Xi Jinping Can Now Stay in Office After Second Term – Weibo Responds
Ahead of Monday’s three-day Central Committee “plenum” in Beijing (十九届三中全会 – Feb 26 to 28), official Chinese news agencies (e.g. Xinhua) have reported that the meeting will address some important “structural reforms” to the constitution of the PRC.
On February 25, South China Morning Post‘s Matt Ho wrote that the institutional changes include a proposal by the Communist Party to remove the expression that the president and vice-president “shall serve no more than two consecutive terms.”
This means that Xi Jinping could potentially stay in office after his second five-year term of presidency ends in 2023.
The news caused consternation on Weibo and in WeChat circles, where it was received with much apprehension; some called the idea of Xi’s potential indefinite rule “scary.”

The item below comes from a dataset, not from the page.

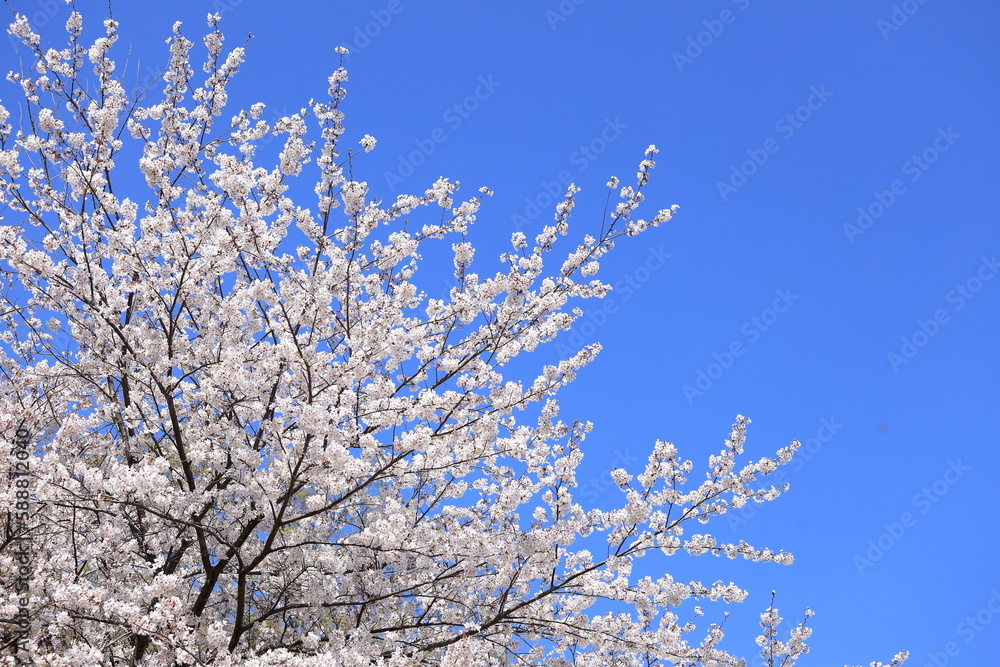 稲取高原の桜 (静岡 伊豆)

“Our emperor has received the Mandate of Heaven, so we have to kneel and accept,” a person on Weibo said. Others mentioned the North Korean regime and Napoleon in discussions on the constitutional change.
A news item by CCTV on the issue soon received nearly 10.000 shares on Sina Weibo on Sunday, but its comment section was turned off. Many online reactions were censored on Sunday evening, and people also addressed the censorship. On some threads that discussed the topic in a negative light, netizens warned others that they were “walking a tightrope.”
“I’ve posted this before but it was censored within 13 minutes so I will post it again,” one micro-blogger wrote: “I oppose to the amendment of the ‘no more than two consecutive terms of office’ as addressed in the third section of Article 79 of the Constitution.”
An image of Winnie the Pooh dressed up as a king also made its rounds on social media on Sunday. Winnie the Pooh has gone from cute bear to political meme on Weibo since netizens found resemblances between President Xi Jinping and the bear.
Another person replies: “Today is a big day in history. Even though I work in law, I’m ashamed to say I don’t understand the big implications [of this rule] (..).”
“I am not too pessimistic [about this],” another commenter wrote: “But then again, I’m not positive either.”
Besides critique, there was also some confusion on social media, with many netizens wondering whether or not the new law has already passed. Officially, China’s constitution still needs to be modified, so the law has not been formally passed -just yet.
By Sunday evening around 22:00 (Beijing time), various terms relating to the proposed amendment change, such as “two-term limit” or “continued rule” had become non-searchable on Weibo.